## ABOUT THIS EXERCISE
The answer is to be an exact copy of the lines below running from the line with "OF SERVICE ACRYLIC" down to the line with "Pinch shoes with", both ends included, and nothing more.

## DATA TO EXAMINE
------------------------------------

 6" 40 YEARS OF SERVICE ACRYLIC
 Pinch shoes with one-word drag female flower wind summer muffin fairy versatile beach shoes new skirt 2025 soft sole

------------------------------------

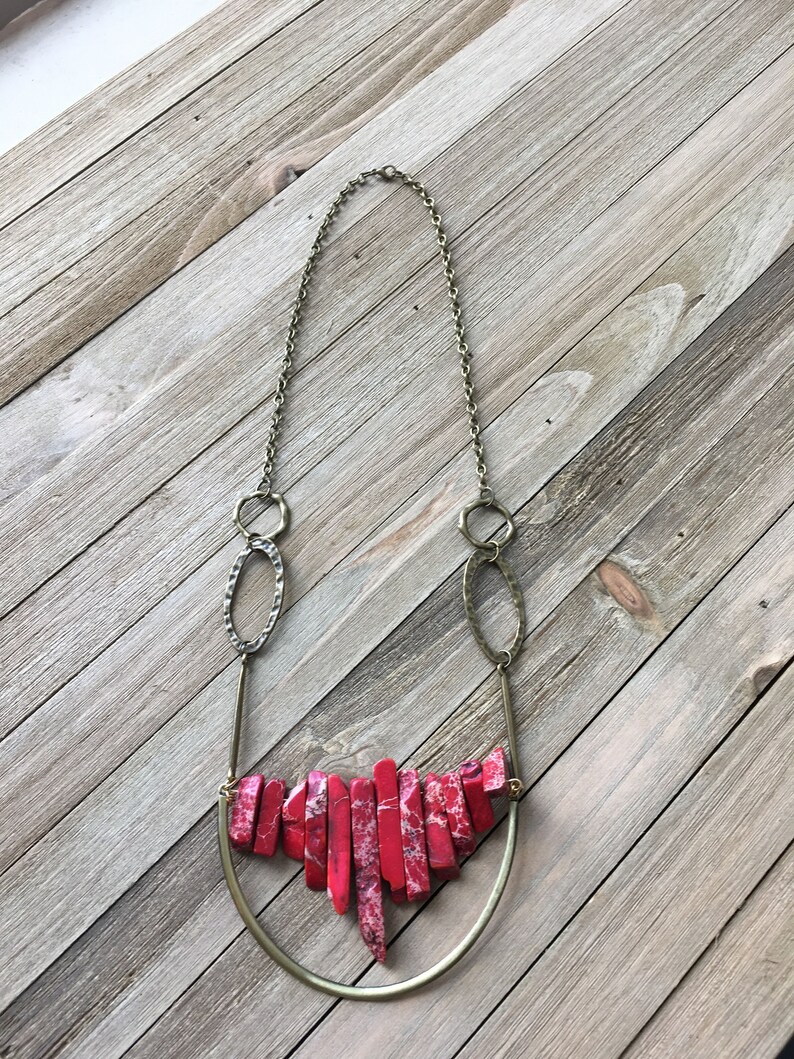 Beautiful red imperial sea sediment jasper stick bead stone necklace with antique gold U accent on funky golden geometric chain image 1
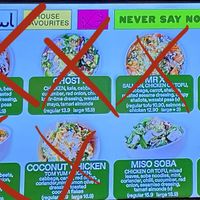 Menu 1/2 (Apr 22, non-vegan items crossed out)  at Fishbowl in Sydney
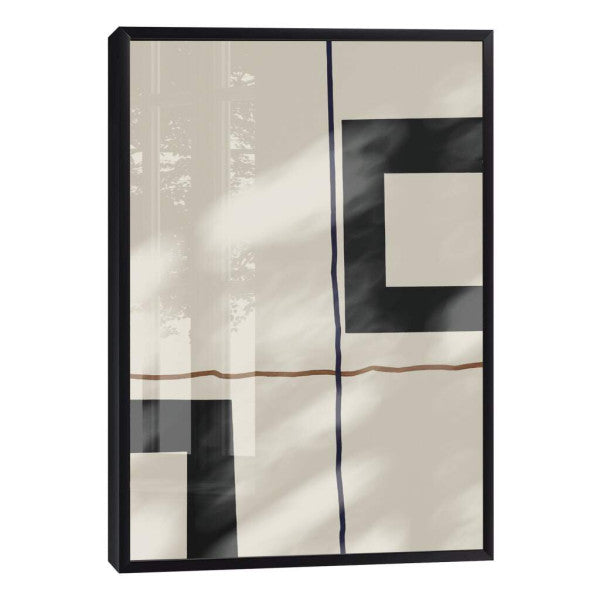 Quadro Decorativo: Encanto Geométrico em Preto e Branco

------------------------------------

## ANSWER AREA
 6" 40 YEARS OF SERVICE ACRYLIC
 Pinch shoes with one-word drag female flower wind summer muffin fairy versatile beach shoes new skirt 2025 soft sole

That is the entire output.